The Mac-versus-PC debate plays out on the eCommerce floor
There are many who have banked on Mac users as being big spenders, and rightfully so. Certain analytics have shown that Mac users are more likely to book pricier hotel rooms than their PC counterparts. Because of that data, Orbitz, a popular travel site, shows Mac users higher-priced deals. And it all started with the Mac tax, the idea that consumers will pay more for Apple’s technology compared to other brands.
According to a recent Wall Street Journal report, Orbitz and other etailers, when tracking shopper’s habits, discovered the types of computers they use and subsequently, the purchases they would make.
“With the ever increasing power of computers, the availability of cloud computing resources, and the analytic muscle of third-party software, such insight is available at prices that even smaller companies can afford,” Inc.com explained in a recently published article.
Despite the slew of available data, Inc.com discourages companies from practicing differential pricing.
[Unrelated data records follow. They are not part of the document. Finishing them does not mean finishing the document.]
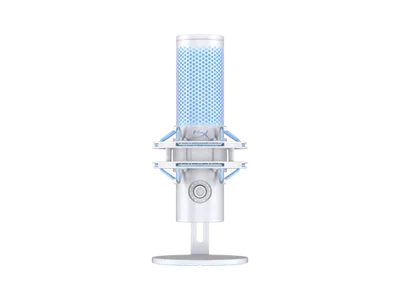 HP HyperX QuadCast 2 - USB Microphone (Grey)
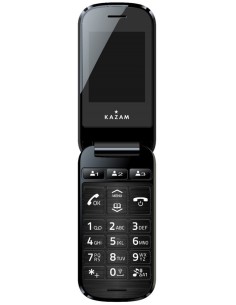 Telefono kazam life c4 dark gray TLKALIC4B kiwiku.com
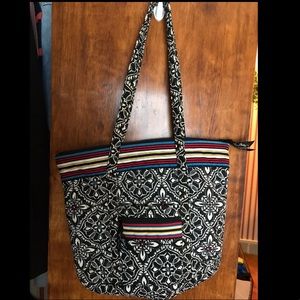 Vera Bradley Tote “Iconic Vera Tote”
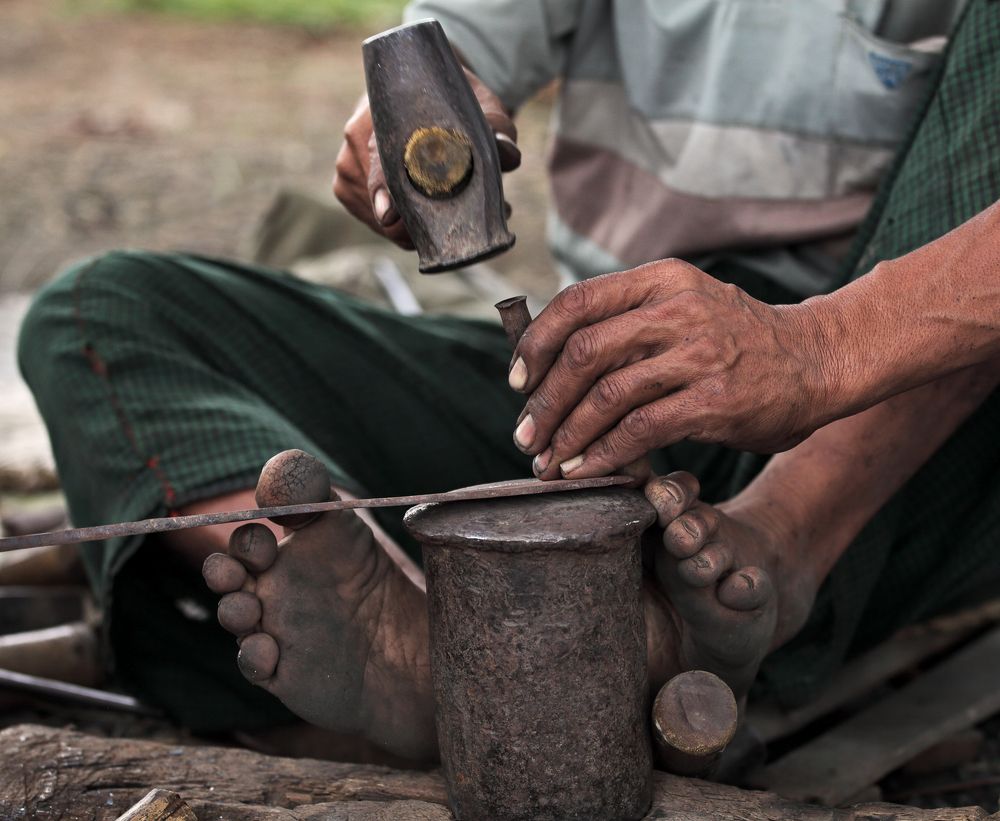 Photograph by Vladimir Melnik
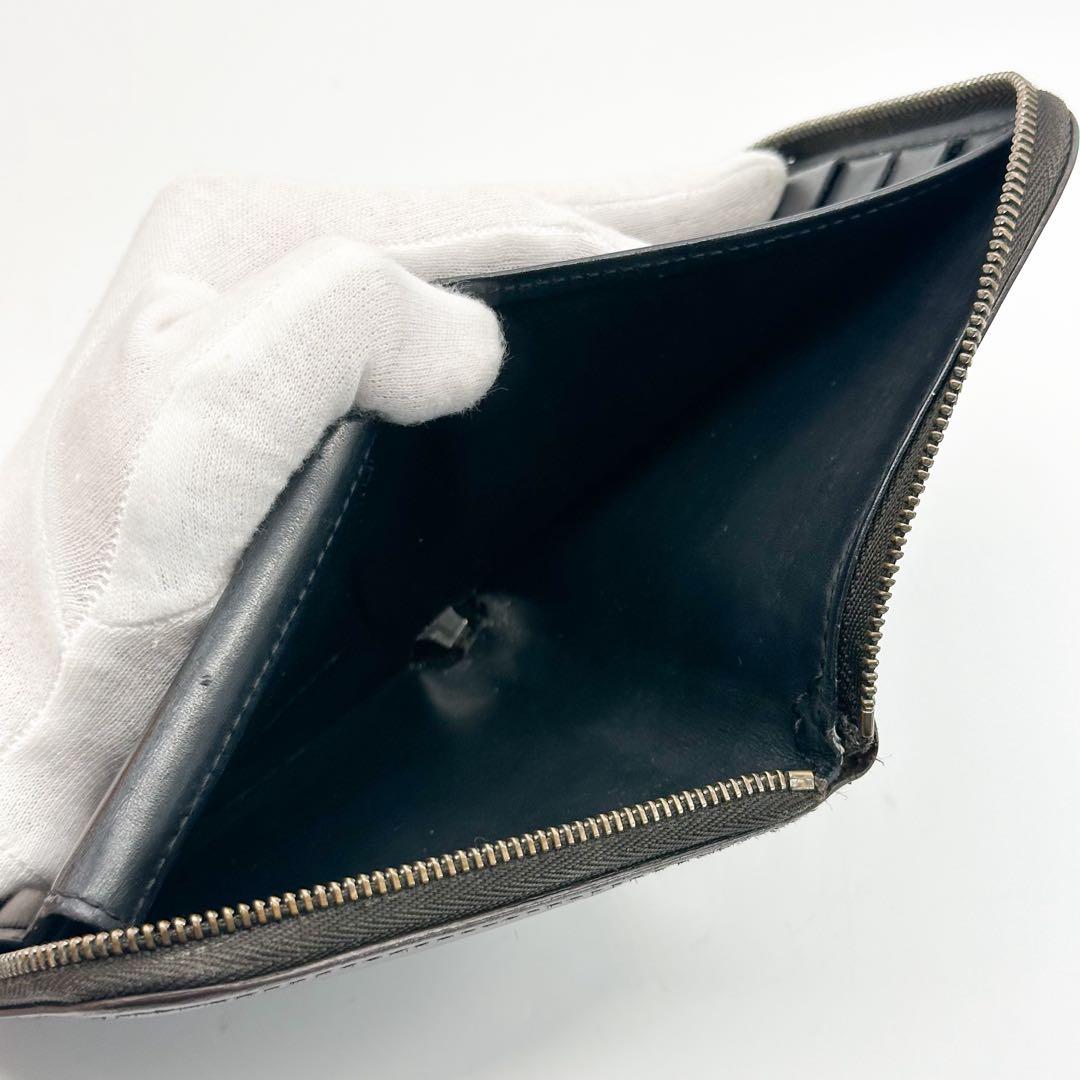 ルイヴィトン ポルトモネ ジップ グラセ モノグラム ラウンド 二つ折り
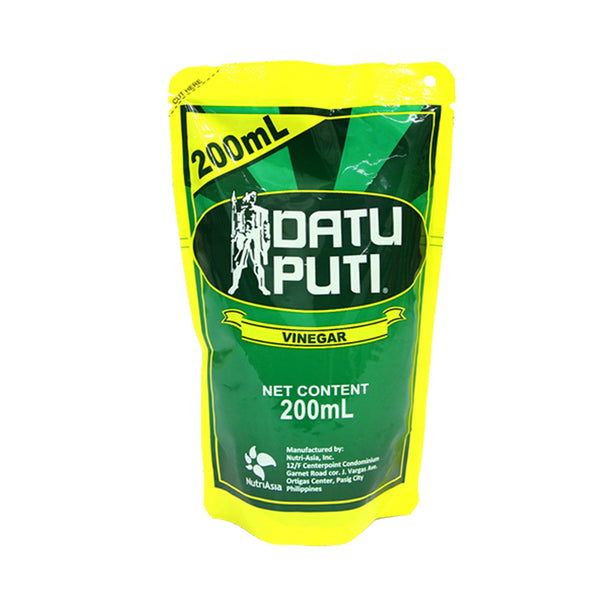 Datu Puti Vinegar 200ml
If and when consumers find you out, the back peddling involved could essentially cancel out the profits earned.
But if an etailer can’t charge more to consumers who are actually willing to spend more, then what’s the point of paying attention to analytics? Inc.com says that patterns from large numbers of consumers can reveal much more.
“You can get a better handle on how segments of the population actually act, think, and decide,” Inc.com reports. “That lets you design or select products, structure services, and market far more intelligently. But you make a critical mistake when you take the fallacious step of assuming that because most people behave a given way, all people do. They don't.”
The challenge is delving deeper below the surface to discover, for example, that there are indeed Mac users who are looking for a bargain. And although there is sophisticated software to carry out complex analysis, the problem lies in how to link that data to valuable insight.
As it turns out, most companies don’t have an expert to properly analyze the findings. Hiring someone – even in for the short term – to tackle the underlying factors might be worth the extra cost.
“Keep these points in mind and you'll find that you can make broad analysis of customers and consumers in general work for your business without accidentally digging a commercial grave for yourself in the process,” Inc.com concludes.